20歳くらいのときから着物が好きで、当時は母による自己流の着つけを無理やり教えられました。それに私自身が人をきれいにすることが大好き。女優業もしていたので、きれいにする側もしてもらう側の気持ちもわかるんです。実はもともとの肩書きはトータルビューティコンサルタント。着つけのほかにも、ヘアメイク、エステまで教えてきました。
着つけを教えるには資格が必要ですか?

着つけの世界にはいろんな流派があって、学校によって着つけのやり方が全く違ってきます。でも、どんな学校に通っても、どんな立派な資格や経歴があっても、実力がなければダメ。技術やキャリアの方が重視される実力主義の世界ですね。私が教えているのは、自分で着つけられるようになりたい一般の生徒さんと、人に着つけをしてあげるプロの人。ひと言で着つけといっても、授業や勉強する内容が全く違ってくるんです。
授業のモットーは?

コーリンベルトなどの便利な器具を使って、とりあえず着られるように教えるのは嫌ですね。

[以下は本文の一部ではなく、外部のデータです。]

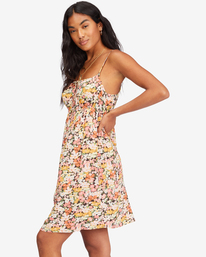 1 Feelin Blue Mini Slip Dress Multicolor ABJWD00249 Billabong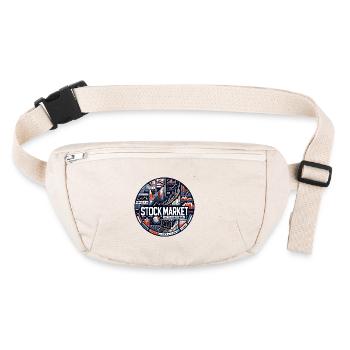 Trading boursier Ma passion Cool Trading - Sac banane recyclé Stanley/Stella - blanc naturel - Devant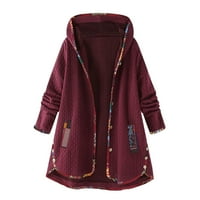 Miayilima molett női kabát kabátok kabát kabátok Női Alkalmi felsők téli Őszi Hosszú ujjú nyak kötött CoatRed 3XL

器具の扱い方を練習するのだって大変なんです。私の基本ポリシーは必要以上のものは体につけないこと。ビシッと着ているように見えても、実はゆったりしている着つけを目指しているんです。着物は締めつけられて苦しいものという言葉を死語にしたい。それに、着つけの練習は普段使わない筋肉のストレッチをやっているのと同じですから、まじめにやり続ければ痩せますよ(笑)。
この仕事でよかったと思えることは?

私にとって着物は仕事着ですが、仕事を通じて楽しもうとしています。若いときは「仕事は仕事」って思っていたけど、いまはそれじゃあつまらない。趣味と実益を兼ねていないと嫌なんですね(笑)。その着物のよさを、もっと若い人にも楽しんでもらいたいですね。一生着られる洋服なんてないけど、私の着物は30年近く着ているものが7割もありますから。